The Allen Jefferd described felt much more human than the Allen the culprit had described.
‘The culprit guy was truly chasing nothing but futile illusions from beginning to end.’
“I liked Allen, who got angry at me because he was worried about me, more than Ed, who always just spouted nice words to me. I wanted to be friends with him. Although I ultimately couldn’t do so because I lacked courage…”
“Jefferd…”
“So, before I regret it any further, I’m just going to be honest even if it’s embarrassing. Professor Squong. I don’t hate you like you think I do.”
“Wh-what?!”
“I said I don’t hate you. After all, Professor Squong is someone who gets angry at me because you’re worried about me, just like Allen.”
“…You don’t need to say such things to comfort me.”
“No, I’m serious.”
I decided to act like a detective at this point.
“What Mr. Jefferd says is the truth. As proof, look. Notice that Jefferd hasn’t hesitated or stuttered even once while speaking to you?”
This wasn’t just true for this moment.
According to what I’ve observed so far, Jefferd hardly ever stuttered when he spoke with the Proctor. He, who always seemed timid, even initiated playful remarks toward the Proctor.
“It… it really is true…”
Whether he hadn’t realized it himself, Jefferd seemed a bit surprised, but soon showed a wide grin.
“See? I told you. Ed, that guy didn’t know anything about us.”
Edward Burr didn’t know that Allen wasn’t as inhuman as the illusion he had vaguely painted.
He didn’t know that Jefferd actually had good observation skills and was more fond of the honest Allen than the fake Ed.
He didn’t know that there were students who truly liked the Proctor, who was always grumbling but had a warm heart.
“Then, does that mean you like me?”
At the Proctor’s question, asked as if he couldn’t believe it, Jefferd nodded his head while looking extremely bashful.
“Even while calling me ‘Squong’?”
“Would you believe me if I said it was a kind of, um…, term of endearment?”
Jefferd showed a smile while telling a blatant lie, but in truth, that smile was a true sign of affection.
“…”
Professor Squong blinked a few times while looking at Jefferd’s smile, and then he slowly stood up.
He stood tall and spoke to me.
“I thank you, Mr. Detective.”
“All of a sudden?”
“I just suddenly had that thought. That thanks to you, I learned the truth and finally seem to have opened my eyes. What was covering my eyes has vanished. I think I can finally see the truth and the lies.”
“Ah!

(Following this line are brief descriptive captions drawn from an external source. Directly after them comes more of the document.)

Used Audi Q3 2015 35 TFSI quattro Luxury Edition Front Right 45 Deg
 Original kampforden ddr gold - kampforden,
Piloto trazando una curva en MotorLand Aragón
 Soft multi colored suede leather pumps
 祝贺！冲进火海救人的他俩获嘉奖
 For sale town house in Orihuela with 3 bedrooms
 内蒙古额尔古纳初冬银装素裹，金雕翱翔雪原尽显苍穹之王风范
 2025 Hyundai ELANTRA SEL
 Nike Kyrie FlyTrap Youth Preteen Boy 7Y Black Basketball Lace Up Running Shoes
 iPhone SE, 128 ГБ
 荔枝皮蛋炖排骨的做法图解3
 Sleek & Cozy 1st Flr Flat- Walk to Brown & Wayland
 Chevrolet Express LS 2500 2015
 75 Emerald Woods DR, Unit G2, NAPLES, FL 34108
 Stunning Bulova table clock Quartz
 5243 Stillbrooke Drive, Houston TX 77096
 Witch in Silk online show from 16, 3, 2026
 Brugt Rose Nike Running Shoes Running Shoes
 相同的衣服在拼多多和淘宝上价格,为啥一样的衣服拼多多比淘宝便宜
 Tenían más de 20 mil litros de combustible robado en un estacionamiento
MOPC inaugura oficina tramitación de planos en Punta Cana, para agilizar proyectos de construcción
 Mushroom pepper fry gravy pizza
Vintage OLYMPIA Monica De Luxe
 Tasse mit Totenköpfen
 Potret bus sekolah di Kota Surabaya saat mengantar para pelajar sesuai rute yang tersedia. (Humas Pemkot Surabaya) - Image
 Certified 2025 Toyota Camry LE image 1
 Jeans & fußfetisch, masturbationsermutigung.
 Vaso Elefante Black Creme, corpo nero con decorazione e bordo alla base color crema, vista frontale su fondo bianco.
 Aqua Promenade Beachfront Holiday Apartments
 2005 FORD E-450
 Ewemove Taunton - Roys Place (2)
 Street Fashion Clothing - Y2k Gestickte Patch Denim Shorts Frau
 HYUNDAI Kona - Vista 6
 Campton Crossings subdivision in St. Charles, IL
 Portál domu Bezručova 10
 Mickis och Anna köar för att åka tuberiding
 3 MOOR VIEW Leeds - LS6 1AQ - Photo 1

Come to think of it, I forgot to give my greetings.”
Jefferd, the student who likely corresponded to Professor Squong’s ‘truth,’ hurriedly approached me and bowed.
“Thank you so much… If it weren’t for you, I would have been taken away by the police. And of course, the culprit who killed Allen couldn’t have been arrested either.”
An atmosphere of gratitude toward me had suddenly formed. Lure, who was watching the situation, poked me in the side with a mischievous grin.
“What are you doing? You should say something! Stylishly!”
“Hmm…”
I just adjusted my hat and showed a smile.
“I’m glad I could be of help. If you run into any trouble again, please visit the Hayes Detective Agency.”
When I finished the short greeting and left the scene, Lure, who followed me, asked as if she found it strange.
“What was that? Why did you wrap it up so short? It was a chance to show off to your heart’s content and promote the agency.”
“No, just… I felt a strange sense of emotion.”
Unlike the culprit’s thoughts, the world was not a long and precarious ladder where only climbing and falling existed.
Just like Jefferd and the Proctor, there also existed a path where people supported and sustained each other.
‘Perhaps Edward also had a chance to learn such a thing.’
For he too had someone who truly worried about him and tried to protect him.
However, the culprit had kicked away that opportunity himself and left to chase after an illusion.
In fact, the thing he had been yearning for his entire life might have already been held within his hands.